Exercise requirements -
Output only the lines below from the one containing "Loading and unloading" to the one containing "On the byas", exactly as written, both ends kept.

Available data -
═══
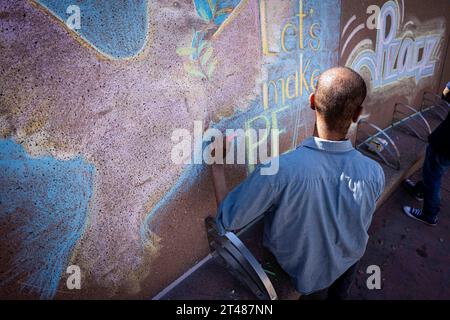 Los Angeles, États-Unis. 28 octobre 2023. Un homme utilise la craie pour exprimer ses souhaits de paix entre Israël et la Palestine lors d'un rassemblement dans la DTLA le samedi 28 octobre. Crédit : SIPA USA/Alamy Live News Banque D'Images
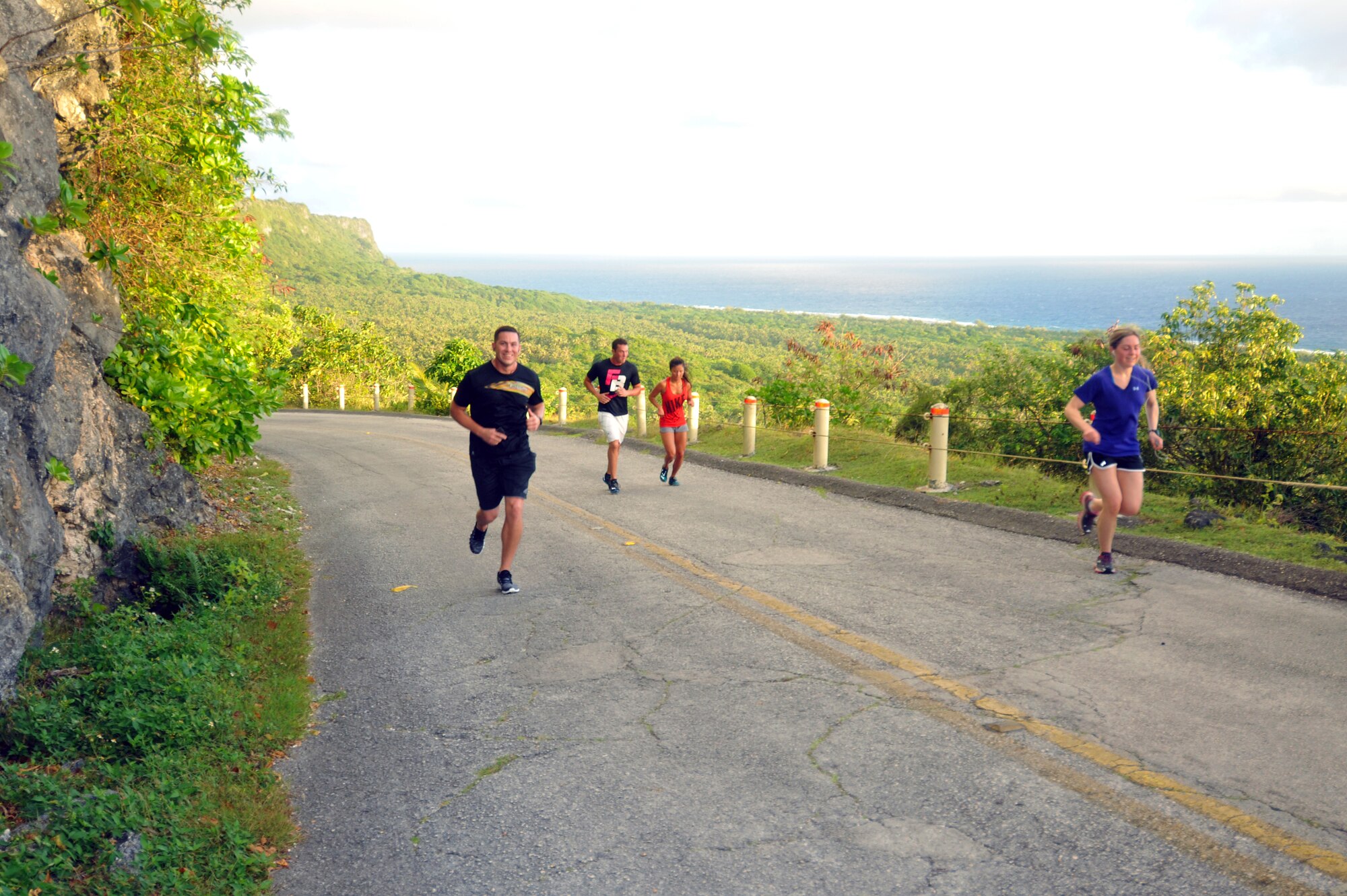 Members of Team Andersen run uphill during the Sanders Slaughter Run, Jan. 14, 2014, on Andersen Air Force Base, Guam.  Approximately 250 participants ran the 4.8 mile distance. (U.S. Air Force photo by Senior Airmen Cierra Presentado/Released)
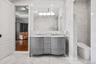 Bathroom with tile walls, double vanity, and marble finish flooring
═══
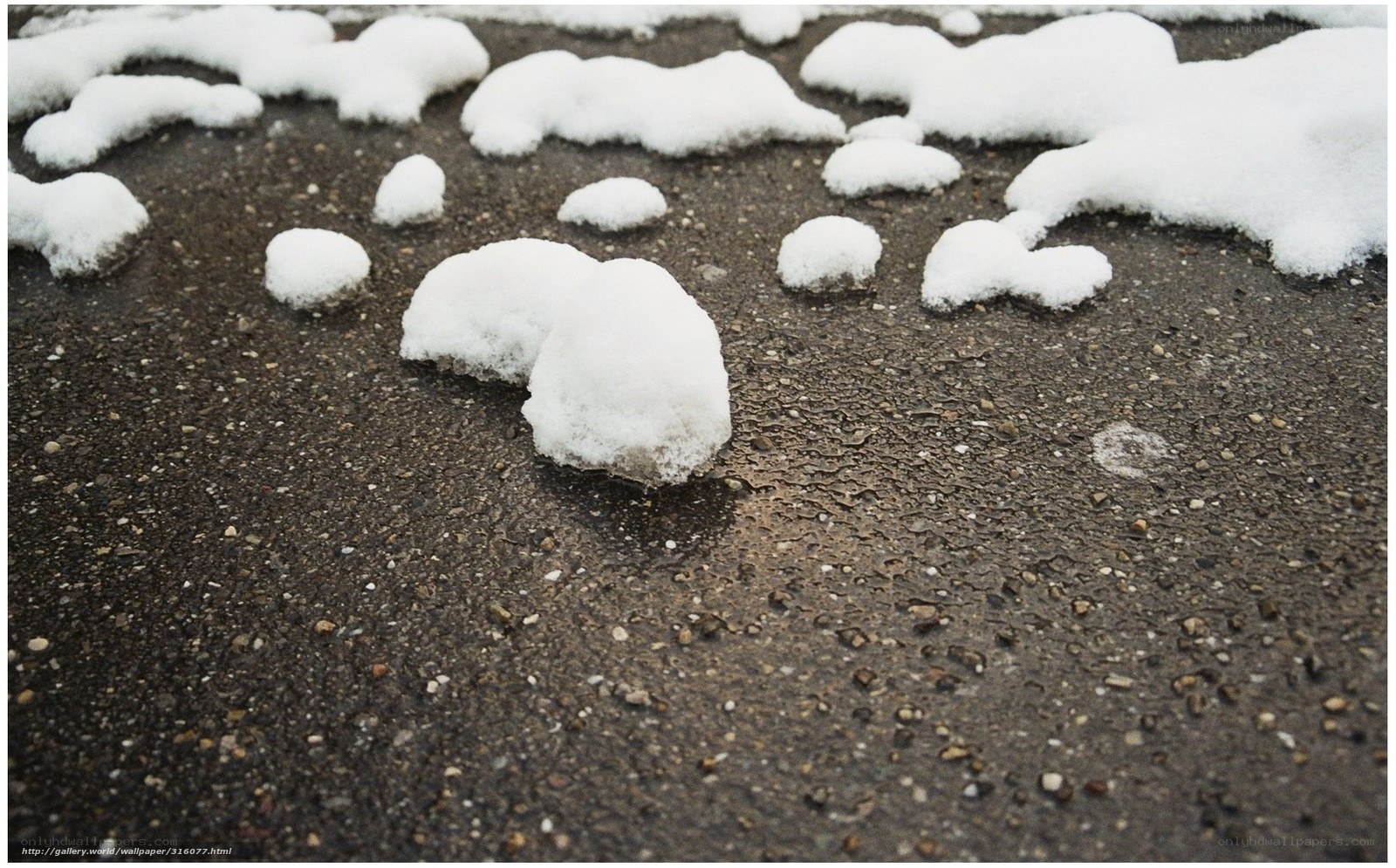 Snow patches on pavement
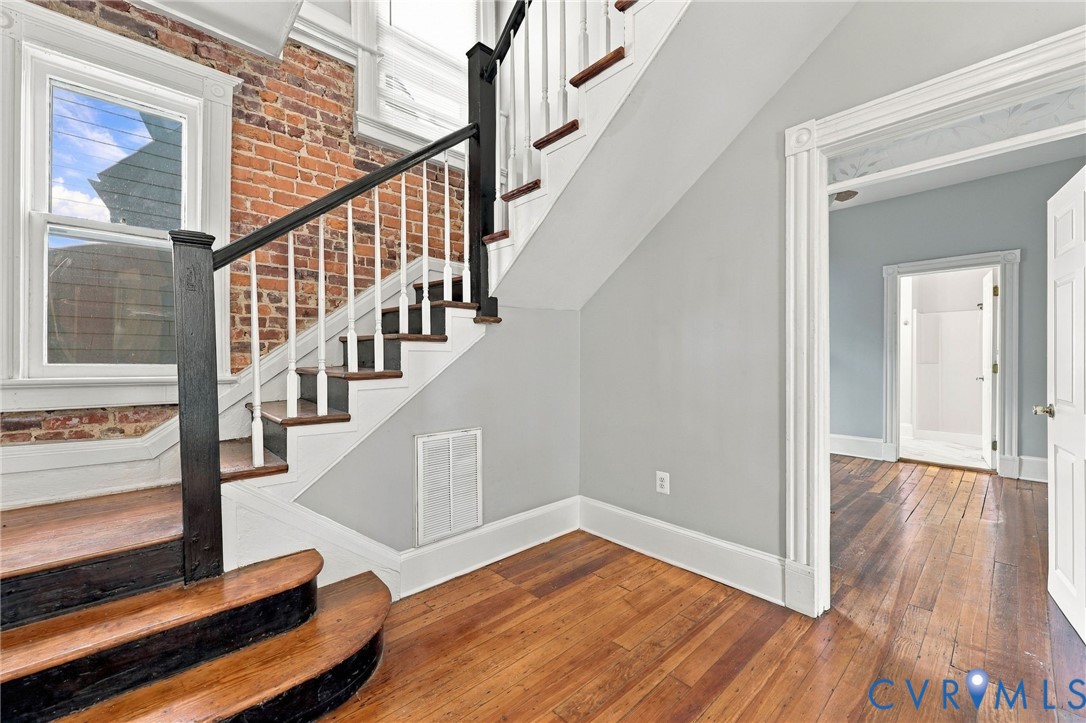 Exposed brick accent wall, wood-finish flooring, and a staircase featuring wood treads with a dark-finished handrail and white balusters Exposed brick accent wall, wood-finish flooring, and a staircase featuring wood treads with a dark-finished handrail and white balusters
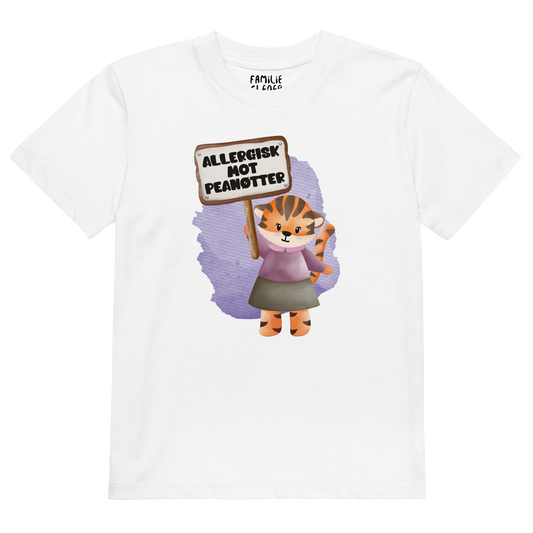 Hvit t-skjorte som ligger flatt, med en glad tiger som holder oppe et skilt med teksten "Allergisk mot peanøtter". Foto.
═══
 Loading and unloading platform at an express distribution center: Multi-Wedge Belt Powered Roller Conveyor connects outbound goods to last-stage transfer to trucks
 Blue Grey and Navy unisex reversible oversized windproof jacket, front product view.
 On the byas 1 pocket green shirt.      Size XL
═══
Response to the task -
 Loading and unloading platform at an express distribution center: Multi-Wedge Belt Powered Roller Conveyor connects outbound goods to last-stage transfer to trucks
 Blue Grey and Navy unisex reversible oversized windproof jacket, front product view.
 On the byas 1 pocket green shirt.      Size XL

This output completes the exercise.